▶ _Try it_: Return every line from the records below with the string "style".

[Records from a data source]
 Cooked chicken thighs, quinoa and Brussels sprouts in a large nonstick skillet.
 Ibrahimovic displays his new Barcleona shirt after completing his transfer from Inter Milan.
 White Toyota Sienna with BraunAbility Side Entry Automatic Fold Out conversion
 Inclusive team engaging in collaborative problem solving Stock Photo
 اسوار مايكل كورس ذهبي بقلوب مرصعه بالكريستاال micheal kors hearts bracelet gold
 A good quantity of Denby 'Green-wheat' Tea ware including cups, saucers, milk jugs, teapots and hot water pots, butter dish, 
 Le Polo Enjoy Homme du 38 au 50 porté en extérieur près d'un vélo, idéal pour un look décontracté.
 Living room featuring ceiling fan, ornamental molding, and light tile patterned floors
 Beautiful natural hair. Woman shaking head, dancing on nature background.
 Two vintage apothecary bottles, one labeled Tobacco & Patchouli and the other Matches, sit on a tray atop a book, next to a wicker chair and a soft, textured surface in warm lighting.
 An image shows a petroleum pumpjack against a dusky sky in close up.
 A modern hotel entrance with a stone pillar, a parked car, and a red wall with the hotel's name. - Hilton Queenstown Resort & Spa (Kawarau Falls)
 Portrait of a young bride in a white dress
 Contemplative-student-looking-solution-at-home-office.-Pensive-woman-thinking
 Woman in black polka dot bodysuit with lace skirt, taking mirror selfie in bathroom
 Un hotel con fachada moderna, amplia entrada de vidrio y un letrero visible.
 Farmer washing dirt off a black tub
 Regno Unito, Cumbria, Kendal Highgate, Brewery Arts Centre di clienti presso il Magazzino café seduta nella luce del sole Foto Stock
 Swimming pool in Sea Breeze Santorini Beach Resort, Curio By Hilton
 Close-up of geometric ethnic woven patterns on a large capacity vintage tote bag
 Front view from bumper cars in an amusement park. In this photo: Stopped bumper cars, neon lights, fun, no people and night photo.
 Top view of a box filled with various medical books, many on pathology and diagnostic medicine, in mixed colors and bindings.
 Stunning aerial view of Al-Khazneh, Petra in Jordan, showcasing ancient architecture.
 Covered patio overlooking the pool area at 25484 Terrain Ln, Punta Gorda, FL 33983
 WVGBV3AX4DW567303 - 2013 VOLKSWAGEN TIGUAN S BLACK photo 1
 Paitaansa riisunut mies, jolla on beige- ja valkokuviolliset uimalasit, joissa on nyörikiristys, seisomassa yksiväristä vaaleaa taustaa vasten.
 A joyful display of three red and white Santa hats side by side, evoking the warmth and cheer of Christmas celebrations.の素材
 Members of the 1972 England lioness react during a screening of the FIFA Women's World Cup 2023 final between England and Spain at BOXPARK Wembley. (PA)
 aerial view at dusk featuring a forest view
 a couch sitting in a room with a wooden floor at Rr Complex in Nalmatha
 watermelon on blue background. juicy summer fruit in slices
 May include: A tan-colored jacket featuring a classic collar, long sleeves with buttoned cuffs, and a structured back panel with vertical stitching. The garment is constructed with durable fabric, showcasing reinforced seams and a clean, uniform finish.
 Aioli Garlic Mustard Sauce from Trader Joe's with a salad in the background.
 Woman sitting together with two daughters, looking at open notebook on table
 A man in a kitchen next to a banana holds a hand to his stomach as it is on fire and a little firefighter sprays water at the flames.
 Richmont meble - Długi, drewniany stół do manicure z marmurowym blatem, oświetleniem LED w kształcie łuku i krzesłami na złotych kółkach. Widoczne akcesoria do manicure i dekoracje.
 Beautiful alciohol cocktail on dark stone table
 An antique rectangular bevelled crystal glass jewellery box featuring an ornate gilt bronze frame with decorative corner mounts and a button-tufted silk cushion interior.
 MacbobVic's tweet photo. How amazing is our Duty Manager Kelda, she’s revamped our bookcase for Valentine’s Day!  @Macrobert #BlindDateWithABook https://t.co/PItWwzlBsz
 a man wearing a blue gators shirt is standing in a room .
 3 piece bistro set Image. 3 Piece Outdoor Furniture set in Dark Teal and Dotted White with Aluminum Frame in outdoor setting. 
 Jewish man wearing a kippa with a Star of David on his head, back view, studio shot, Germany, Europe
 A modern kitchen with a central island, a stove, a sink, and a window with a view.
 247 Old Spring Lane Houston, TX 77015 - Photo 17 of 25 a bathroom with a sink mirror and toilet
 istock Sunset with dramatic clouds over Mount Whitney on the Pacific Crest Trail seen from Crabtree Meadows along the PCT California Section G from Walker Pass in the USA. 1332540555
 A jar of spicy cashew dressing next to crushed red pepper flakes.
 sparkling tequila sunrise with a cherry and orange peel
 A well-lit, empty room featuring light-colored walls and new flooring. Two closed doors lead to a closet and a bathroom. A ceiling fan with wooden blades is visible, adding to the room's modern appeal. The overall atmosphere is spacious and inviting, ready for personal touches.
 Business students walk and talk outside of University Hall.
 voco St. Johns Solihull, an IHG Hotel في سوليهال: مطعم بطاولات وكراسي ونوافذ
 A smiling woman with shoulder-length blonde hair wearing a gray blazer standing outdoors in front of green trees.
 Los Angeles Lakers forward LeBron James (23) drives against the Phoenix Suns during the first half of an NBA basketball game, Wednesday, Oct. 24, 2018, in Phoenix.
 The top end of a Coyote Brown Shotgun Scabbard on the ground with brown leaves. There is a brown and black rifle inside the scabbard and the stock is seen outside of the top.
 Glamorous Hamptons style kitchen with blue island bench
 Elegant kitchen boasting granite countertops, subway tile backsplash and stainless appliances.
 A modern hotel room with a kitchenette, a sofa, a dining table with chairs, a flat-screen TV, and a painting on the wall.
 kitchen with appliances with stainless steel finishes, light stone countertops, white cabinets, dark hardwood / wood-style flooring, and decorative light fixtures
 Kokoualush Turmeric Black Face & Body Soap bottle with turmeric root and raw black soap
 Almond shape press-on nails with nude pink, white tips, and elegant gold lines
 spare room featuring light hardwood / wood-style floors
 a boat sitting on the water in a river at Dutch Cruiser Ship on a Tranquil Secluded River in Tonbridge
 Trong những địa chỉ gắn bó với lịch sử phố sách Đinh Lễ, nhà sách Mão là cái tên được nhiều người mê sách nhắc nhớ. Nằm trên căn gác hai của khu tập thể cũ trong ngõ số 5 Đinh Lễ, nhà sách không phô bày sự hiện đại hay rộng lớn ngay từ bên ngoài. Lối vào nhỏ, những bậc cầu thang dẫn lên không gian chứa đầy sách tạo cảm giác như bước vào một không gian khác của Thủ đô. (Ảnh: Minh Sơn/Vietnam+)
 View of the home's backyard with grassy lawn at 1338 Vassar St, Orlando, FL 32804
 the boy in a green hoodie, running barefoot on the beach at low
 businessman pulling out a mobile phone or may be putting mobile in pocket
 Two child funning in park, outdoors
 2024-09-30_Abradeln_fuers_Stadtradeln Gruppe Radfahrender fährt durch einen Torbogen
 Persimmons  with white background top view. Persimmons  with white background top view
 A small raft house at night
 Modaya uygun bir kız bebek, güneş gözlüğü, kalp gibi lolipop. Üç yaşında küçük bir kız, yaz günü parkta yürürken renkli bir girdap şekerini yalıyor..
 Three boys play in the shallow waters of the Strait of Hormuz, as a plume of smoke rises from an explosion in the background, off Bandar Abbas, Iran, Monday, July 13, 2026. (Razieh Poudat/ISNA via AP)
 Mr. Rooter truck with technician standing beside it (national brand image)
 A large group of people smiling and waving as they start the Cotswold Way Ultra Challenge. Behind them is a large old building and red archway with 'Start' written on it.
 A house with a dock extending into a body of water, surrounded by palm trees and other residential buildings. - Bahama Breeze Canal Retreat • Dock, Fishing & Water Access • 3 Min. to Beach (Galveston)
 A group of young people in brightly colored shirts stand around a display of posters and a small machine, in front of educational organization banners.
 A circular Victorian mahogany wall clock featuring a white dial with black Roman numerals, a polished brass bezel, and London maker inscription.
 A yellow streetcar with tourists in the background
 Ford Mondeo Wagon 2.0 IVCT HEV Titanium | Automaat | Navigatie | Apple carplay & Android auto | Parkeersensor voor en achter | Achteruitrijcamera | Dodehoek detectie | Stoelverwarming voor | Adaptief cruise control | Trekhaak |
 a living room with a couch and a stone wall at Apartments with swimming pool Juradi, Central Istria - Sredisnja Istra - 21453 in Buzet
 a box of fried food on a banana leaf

▶ _Exercise result_:
 Glamorous Hamptons style kitchen with blue island bench
 kitchen with appliances with stainless steel finishes, light stone countertops, white cabinets, dark hardwood / wood-style flooring, and decorative light fixtures
 spare room featuring light hardwood / wood-style floors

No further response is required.